WHAT IS NEEDED » Every line from the one with "A woman with" through the last line below should be repeated exactly; pictures stay out of the copy.

RECORDED DATA »
++++

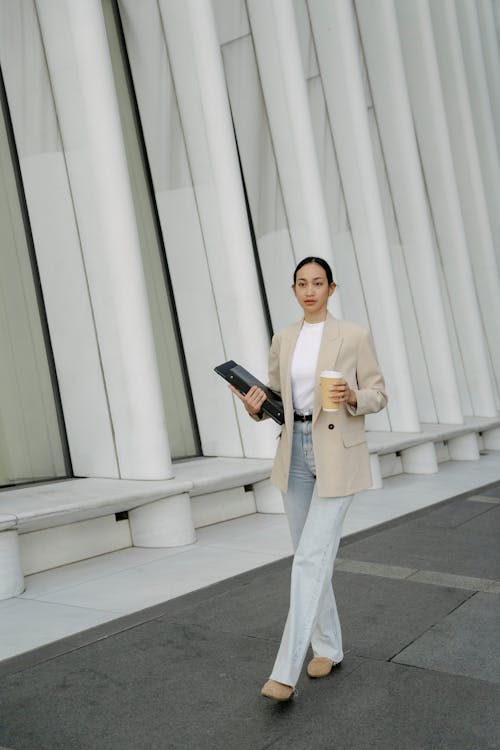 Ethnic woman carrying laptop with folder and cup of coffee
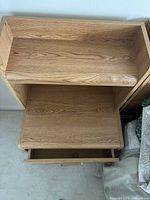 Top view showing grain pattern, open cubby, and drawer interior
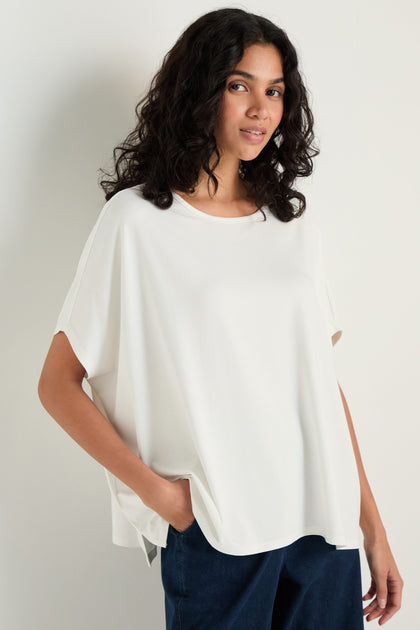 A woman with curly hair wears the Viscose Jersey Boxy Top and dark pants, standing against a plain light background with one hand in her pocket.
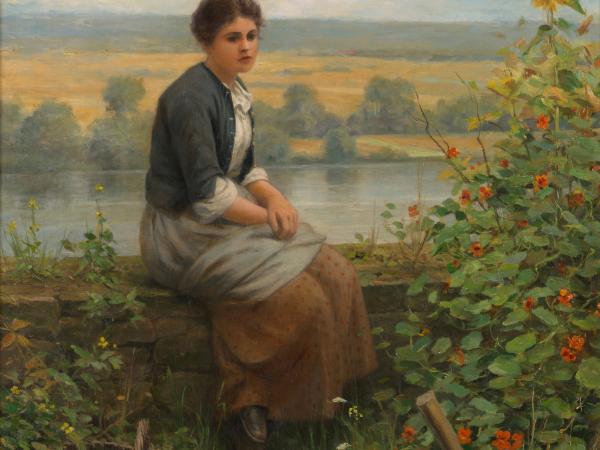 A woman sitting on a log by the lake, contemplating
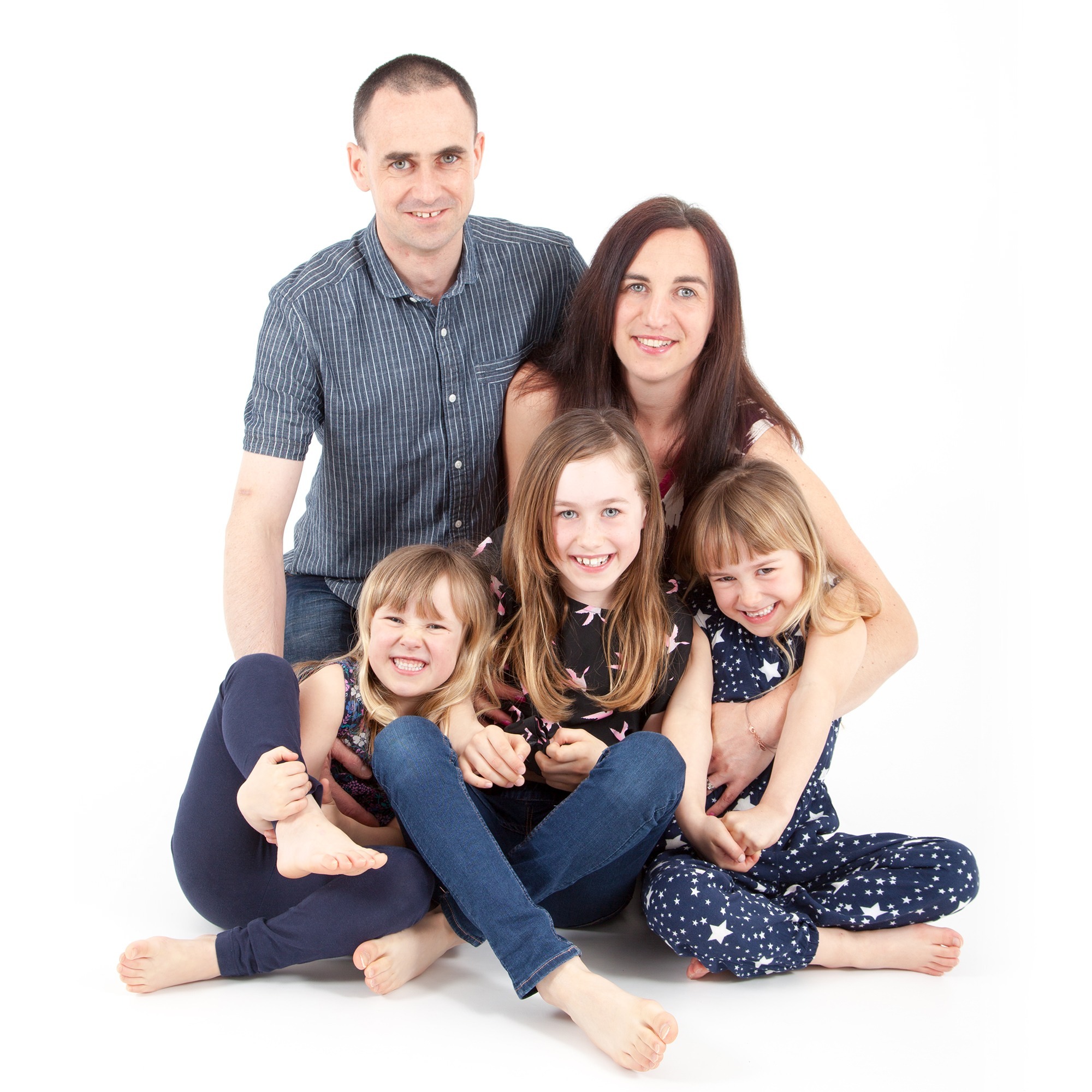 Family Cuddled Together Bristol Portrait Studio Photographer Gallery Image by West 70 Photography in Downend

++++

OUTPUT »
 A woman with curly hair wears the Viscose Jersey Boxy Top and dark pants, standing against a plain light background with one hand in her pocket.
 A woman sitting on a log by the lake, contemplating
 Family Cuddled Together Bristol Portrait Studio Photographer Gallery Image by West 70 Photography in Downend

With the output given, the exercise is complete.